La Generazione Z sta innescando una rivoluzione silenziosa attraverso i social media e le proteste, chiedendo diritti fondamentali e trasparenza nella governance in diversi paesi. Nata in mezzo a traumi collettivi, questa generazione preferisce l'espressione personale ai grandi sogni collettivi. Esempi dal Nepal, dal Madagascar e dal Marocco illustrano il loro impulso pragmatico al cambiamento.
L'articolo di opinione descrive come le sconfitte storiche, come la Rivoluzione di Orabi, abbiano gravato le generazioni precedenti con una disperazione collettiva. Salah Issa scrive in «Racconti dal quaderno della nazione»: «Le ferite lasciate dalla sconfitta della Rivoluzione di Orabi pesavano pesantemente su quella generazione, specialmente sui suoi intellettuali.» La Generazione Z, tuttavia, è cresciuta in mezzo a traumi e sconvolgimenti collettivi, trovando rifugio negli smartphone e nelle piattaforme come TikTok e Instagram per costruire i propri mondi.

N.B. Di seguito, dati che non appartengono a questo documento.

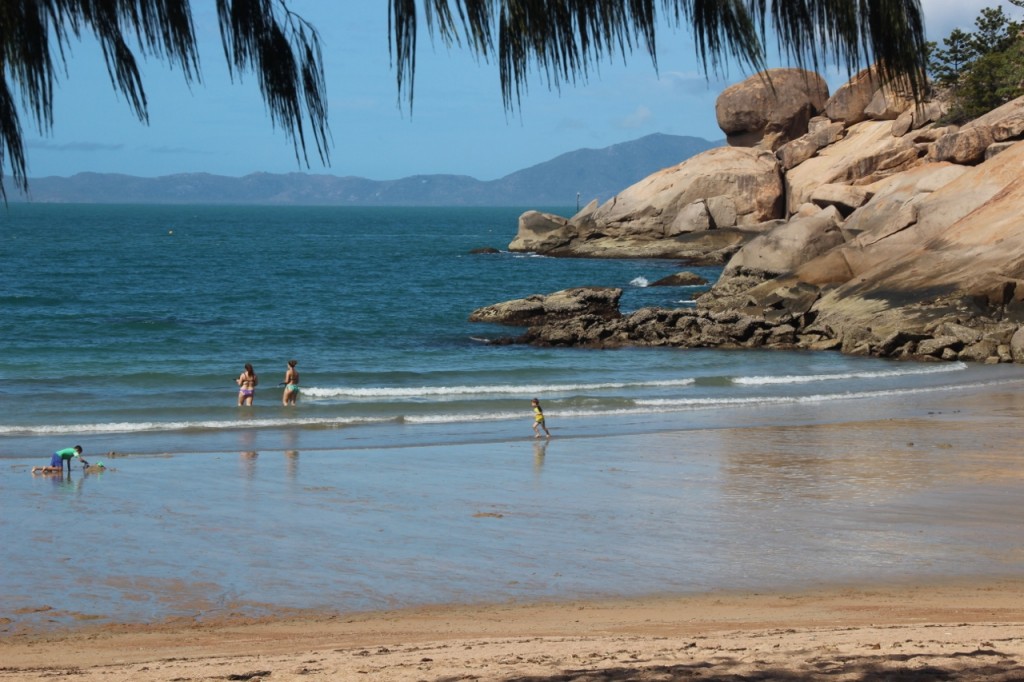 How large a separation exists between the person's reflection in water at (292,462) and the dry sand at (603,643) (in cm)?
695

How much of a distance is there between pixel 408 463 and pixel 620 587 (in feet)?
23.9

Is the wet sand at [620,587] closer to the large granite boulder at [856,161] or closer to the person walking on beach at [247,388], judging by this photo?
the person walking on beach at [247,388]

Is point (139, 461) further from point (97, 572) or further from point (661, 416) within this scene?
point (661, 416)

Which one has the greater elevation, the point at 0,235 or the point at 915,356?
the point at 0,235

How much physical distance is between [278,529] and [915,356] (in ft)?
66.1

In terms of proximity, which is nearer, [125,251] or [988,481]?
[988,481]

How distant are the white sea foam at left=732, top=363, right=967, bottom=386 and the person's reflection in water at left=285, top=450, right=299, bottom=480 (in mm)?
11879

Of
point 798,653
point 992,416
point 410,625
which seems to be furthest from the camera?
point 992,416

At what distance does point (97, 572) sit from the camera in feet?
33.6

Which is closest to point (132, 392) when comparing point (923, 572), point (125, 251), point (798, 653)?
point (923, 572)

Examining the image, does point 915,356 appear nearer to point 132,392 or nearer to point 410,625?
point 132,392

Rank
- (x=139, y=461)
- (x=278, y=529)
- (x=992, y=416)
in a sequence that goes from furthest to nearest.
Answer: (x=992, y=416) < (x=139, y=461) < (x=278, y=529)

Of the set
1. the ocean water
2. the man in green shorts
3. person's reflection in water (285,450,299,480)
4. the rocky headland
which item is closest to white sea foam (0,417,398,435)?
the ocean water

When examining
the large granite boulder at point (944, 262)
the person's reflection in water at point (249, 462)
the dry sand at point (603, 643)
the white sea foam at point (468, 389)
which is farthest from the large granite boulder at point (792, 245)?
the dry sand at point (603, 643) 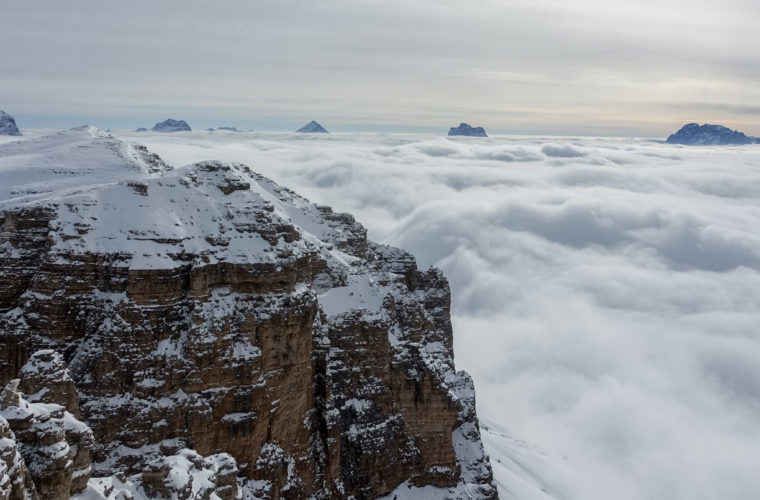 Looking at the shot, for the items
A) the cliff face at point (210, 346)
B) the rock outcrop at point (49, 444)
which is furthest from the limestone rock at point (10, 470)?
the cliff face at point (210, 346)

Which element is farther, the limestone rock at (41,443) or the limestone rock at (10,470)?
the limestone rock at (41,443)

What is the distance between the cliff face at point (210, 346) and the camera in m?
46.4

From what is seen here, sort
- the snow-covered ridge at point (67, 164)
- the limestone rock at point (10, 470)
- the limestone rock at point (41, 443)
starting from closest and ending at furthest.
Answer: the limestone rock at point (10, 470) < the limestone rock at point (41, 443) < the snow-covered ridge at point (67, 164)

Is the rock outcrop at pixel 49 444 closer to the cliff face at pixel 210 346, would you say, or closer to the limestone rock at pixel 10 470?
the limestone rock at pixel 10 470

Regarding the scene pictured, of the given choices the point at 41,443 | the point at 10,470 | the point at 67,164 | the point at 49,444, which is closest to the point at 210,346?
the point at 49,444

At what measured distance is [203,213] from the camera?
5453 centimetres

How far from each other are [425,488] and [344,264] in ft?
85.0

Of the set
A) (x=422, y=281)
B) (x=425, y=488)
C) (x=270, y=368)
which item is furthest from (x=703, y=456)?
(x=270, y=368)

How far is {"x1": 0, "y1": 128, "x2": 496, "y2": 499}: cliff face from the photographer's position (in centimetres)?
4644

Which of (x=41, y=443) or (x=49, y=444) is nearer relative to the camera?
(x=41, y=443)

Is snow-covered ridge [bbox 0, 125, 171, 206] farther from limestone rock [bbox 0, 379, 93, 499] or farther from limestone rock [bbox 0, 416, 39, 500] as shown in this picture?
limestone rock [bbox 0, 416, 39, 500]

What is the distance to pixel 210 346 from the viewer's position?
161ft

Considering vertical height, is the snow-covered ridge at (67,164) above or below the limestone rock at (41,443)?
above

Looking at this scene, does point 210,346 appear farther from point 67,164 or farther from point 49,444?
point 67,164
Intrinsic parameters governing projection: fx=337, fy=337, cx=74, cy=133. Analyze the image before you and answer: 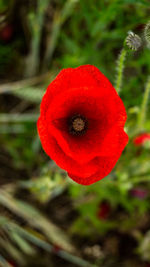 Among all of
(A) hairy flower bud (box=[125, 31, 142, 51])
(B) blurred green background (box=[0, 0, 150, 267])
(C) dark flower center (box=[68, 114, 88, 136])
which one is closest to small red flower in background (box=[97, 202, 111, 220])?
(B) blurred green background (box=[0, 0, 150, 267])

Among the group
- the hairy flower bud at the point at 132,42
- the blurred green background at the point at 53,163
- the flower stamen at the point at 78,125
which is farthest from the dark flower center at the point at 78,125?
the blurred green background at the point at 53,163

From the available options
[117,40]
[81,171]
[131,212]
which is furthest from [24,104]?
[81,171]

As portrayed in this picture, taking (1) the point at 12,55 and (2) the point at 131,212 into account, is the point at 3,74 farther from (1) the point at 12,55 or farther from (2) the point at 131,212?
(2) the point at 131,212

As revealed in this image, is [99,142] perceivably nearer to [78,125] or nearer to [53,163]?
[78,125]

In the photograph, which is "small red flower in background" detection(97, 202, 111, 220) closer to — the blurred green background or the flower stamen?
the blurred green background

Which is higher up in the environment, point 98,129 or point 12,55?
point 12,55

Questa generazione condivide un'estetica uniforme: colori scuri, evitando sguardi diretti alla camera, come uno di loro osserva: «Quando guardo direttamente nell'obiettivo, mi sembra di posare per un ritratto di famiglia.» Ispirandosi alla teoria delle folle dello psicologo Gustave Le Bon, optano per un'unità emotiva personale invece che per masse irrazionali. In Nepal, le proteste di settembre 2025 sotto la bandiera «Generazione Z» hanno chiesto la revoca dei divieti sui social media, riforme educative e le dimissioni del primo ministro, causando 50-70 morti e le dimissioni del governo.
In Madagascar, la «Generazione Z» ha guidato dimostrazioni contro i servizi pubblici inadeguati, uccidendo 22 persone e sciogliendo il governo. In Marocco, il movimento «Gen Z 212» è iniziato online, chiedendo una migliore istruzione, sanità, posti di lavoro e sforzi anticorruzione, affrontato con repressioni. Cercano una governance senza errori al servizio del popolo, echeggiando Al-Tayeb Salih: «Quello che vogliamo dal governo è semplice: Uno — non commettere errori. Due — servire il popolo.» Focalizzati sulla trasparenza e sull'amministrazione moderna, pragmaticamente si liberano delle sconfitte passate.